Too Little Too Late?

When I'm reading this sort of stuff From Rich Lowry, editor of National Review, you know there are problems in the GOP

Remember that cheesy ad for some TV product back in the day that featured an elderly woman saying, “Help--I've fallen and I can't get up”? Well, that's the Bush White House and the national GOP at the moment. The latest Gallup poll has Bush's approval rating at 36%, and congressional approval at 23%. The satisfied-with-the-way-things-are-going-in-the-U.S. number is at 27%. I hate to say it but the comparison that Dick Morris makes today between Bush and Carter--just in terms of sheer listlessness and a foreign event draining all of a president's strength--has occurred to me more than once recently. What is most disturbing is that as their boat heads steadily toward a disastrous trip over the falls, neither Bush nor the GOP seems to feel any urgency about changing direction, nor seem to have any good ideas about how to do it if they wanted to. (Not that my ideas, or Morris'--drug testing in schools???--are that great either.)

"No urgency" Yup, that about sums it up.

A few recent changes at the White House won't change anything. A new press secretary and job for Carl Rove is akin to rearranging the deck chairs on the Titanic.

This critique of the Bush Administration, however, should not please liberals too much, for I wish they would be more, not less, conservative. I sounded off about this entire issuelast week. It's not foreign policy that we conservatives are so concerned about, but it's the domestic stuff that gets us going.

Can anything be done, or is it too late?

The staff of NRO thought the situation serious enough that they editorialized on it yesterday. Money quotes

Congress is not going to be in session for many more days this year. There is not much time for congressional Republicans to promote popular legislation as a way of improving their standing — even if one assumed, contrary to fact, that they could agree on what legislation that would be. Their fate is therefore tied to the president’s. If the election is held with Bush holding a 35 percent approval rating, they will lose the House. If Bush rises to 45 percent by the fall, they will do fine. ...

Even if they recover some spirit and energy, Republicans are likely to lose seats this fall. But they have some influence over whether this election is a setback or a rout. It is up to them how they wish to use it.

The GOP blew it's chance on illegal immigration, dealing yet another blow to it's base. They also largely blew it on lobbying reform. They've spent like drunken sailors for the past 6 years. They passed, and President Bush signed, that stupid McCain-Feingold campaign finance "reform" bill, won't do anything about reducing abortions or ending race and sex quotas (er, "diversity"). On and on.

The only thing saving them is that the Democrats are worse on all of the above issues. They've got no plan, and their leadership is beholden to the Cindy Sheehan left, epitomized by Moveon.org and the Daily Kos.

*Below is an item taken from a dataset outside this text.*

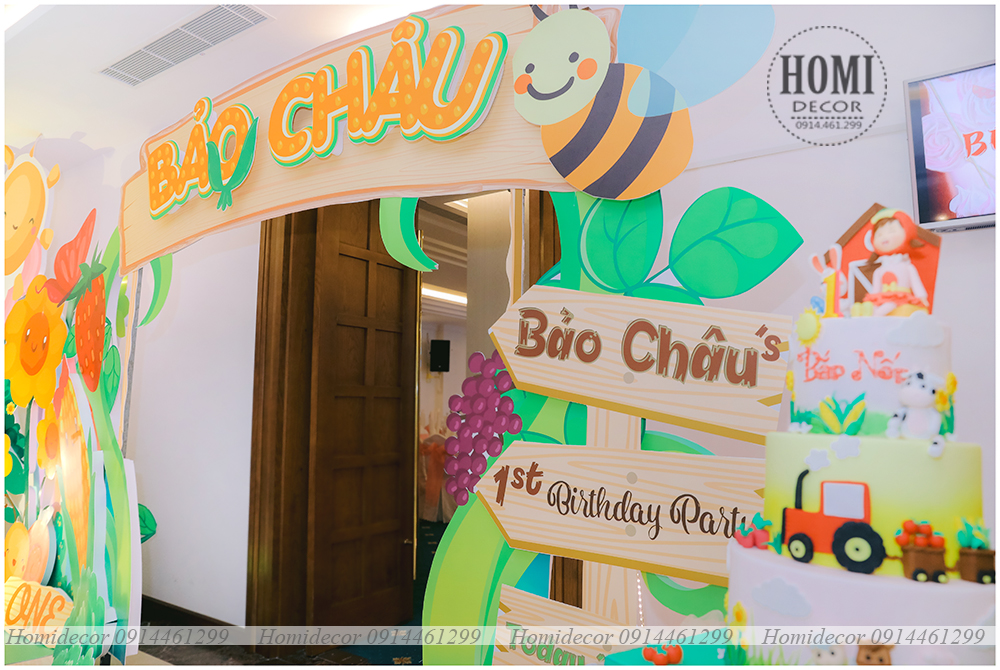 Trang trí sinh nhật tại nhà hàng Tân Sơn Nhất Pavillon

Can the GOP pull themselves up? The recent changes at the White House are encouraging, as was the victory of John Boehner as majority leader in the House. On the other hand, it all may be too little too late.

The other thing that might save the GOP is what Michael Barone calls "hypothis two". His take is that a reduced turnout by the GOP base might not make that much difference.

Hypothesis Two is one I developed myself, and it's based only on the elections of the last 10 years. In the five House elections from 1996 to 2004, there has been very little variation in the popular vote percentages for both parties. The Republican percentage of the popular vote for the House has fluctuated between 49 and 51 percent, the Democratic percentage between 46 and 48.5 percent.

Barone is a pretty astute observer of politics, and is a veritable walking encyclopaedia of information. We on the right had better hope he's right this time.

Gloom and Doom

Over at National Review's The Corner blog, Jonah Goldberg was all Gloom

I had lunch with another prominent Republican. I asked him if he could remember a time when Republicans were more dispirited. He shrugged and said, "It really is pretty bleak, isn't it." Or words to that effect.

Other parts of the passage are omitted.